Preparation of Reactive-Polyacrylate Capillary Monoliths and Their Use As Stationary Meiıa in Hydropilic Interaction Chromatography

Abstract

ABSTRACT

THE PREPARATION OF REACTIVE-POLYACRYLATE CAPILLARY MONOLITHS AND THEIR USE AS STATIONARY MEDIA IN HYDROPHILIC INTERACTION CHROMATOGRAPHY

Sedef Damla Erkakan Master of Science, Department of Chemical Engineering Supervisor: Prof. Dr. Ali TUNCEL

September 2015, 66 pages

In this study, the synthesis of new polar polymer-based monoliths was performed and their chromatographic performance in hydrophilic interaction chromatography (HILIC) mode was determined. Poly(HPMA-Cl-co-EDMA) monoliths were prepared via thermally initiated block copolymerization into silanized capillary fused silica tubes having 100 µm internal diameter.
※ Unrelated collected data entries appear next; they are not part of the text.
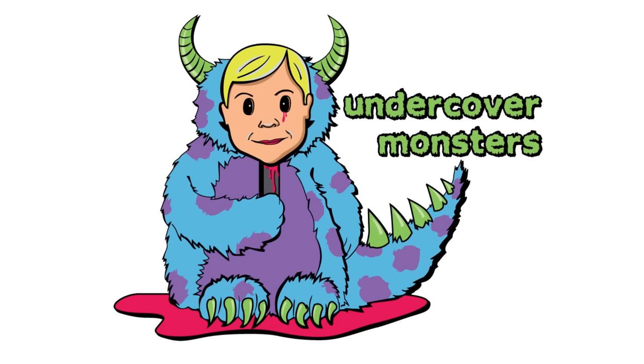Hi everyone! I'm Jamie from Undercover Monsters and today I'm going to show you how to take this bag of spiderwebs and turn it into this. Since I'm doing this outside, all I need today is this bag of spiderwebs and a pair of scissors.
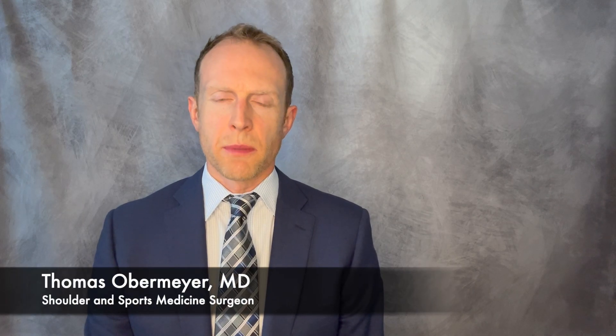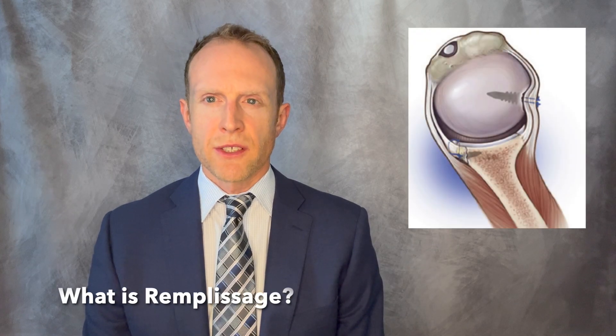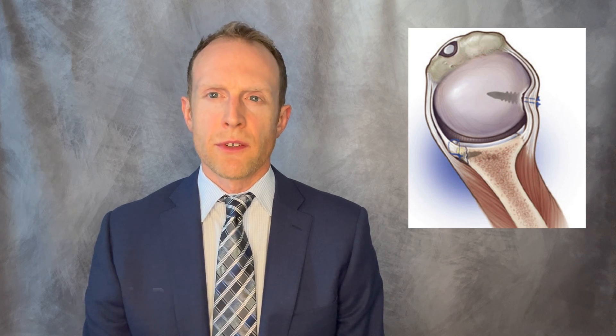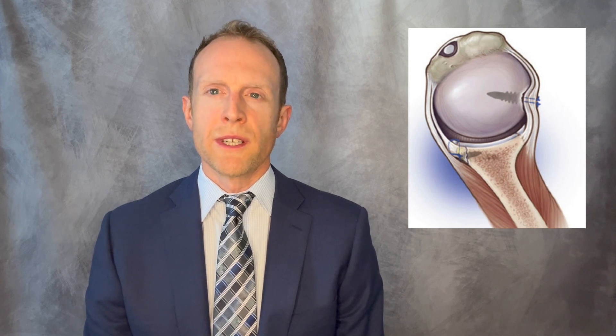Hi, I'm Dr. Obermeyer and the purpose of this video is to review arthroscopic remplissage. Remplissage is a French term meaning 'to fill in' and in this case specifically refers to a minimally invasive adjunct procedure performed for shoulder instability or dislocation, where there is treatment performed of the Hill-Sachs, or dent fracture, of the back of the ball known as the humeral head.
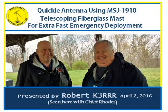Welcome. In this video, Robert K3RRR shows us his quickie antenna for even faster emergency deployment. Well hello Robert, how are you? I am fantastic. We're with Robert K3RRR, and today is April 2nd, 2016. We are out shaking out some equipment and getting ready for field day — getting a head start on it. Robert brought something very interesting that's gotten a lot of interest, with people asking all about it. So I asked Robert to give us a quick overview.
In the synthesis stage, concentrations of monomer, cross-linking agent and porogen in the polymerization solution and polymerization temperature were changed. The effects of each of these changes on the structure of monolith were investigated. After obtaining appropriate pore size distribution, specific surface area and back pressure values, a chromatographic ligand, triethanolamine (TEA-OH) was covalently attached to monolith via a single step reaction. These newly produced monolithic columns with different pore structures and polarities were used successfully for the separation of nucleotides, nucleosides and benzoic acids. All chromatographic studies were performed by using acetonitrile/aqueous buffer system as the mobile phase. In the chromatographic studies, the lowest plate height was obtained as 20 µm using uracil (nucleotide), 54 µm using thymidine (nucleoside) and 25 µm for benzoic acid derivatives. According to chromatographic results, it was seen that efficient separations of benzoic acid derivatives were mainly based on hydrophilic interaction mechanisms. Under optimized separation conditions, TEA-OH attached monoliths was successfully applied for the rapid, high resolution and without obvious peak tailing separation with lower than 5 % column to column relative standard deviation values for each nucleotides. However, the first time introduced “retention-dependent column efficiency” behavior for the HILIC system ii

showed that the plate height raised with increasing retention factor. Its possible reasons were discussed. In this study, the first monolithic column which is capable of separating polar analytes in HILIC mode was synthesized in our country. In the light of these results, better separation efficiencies can be achieved with further studies.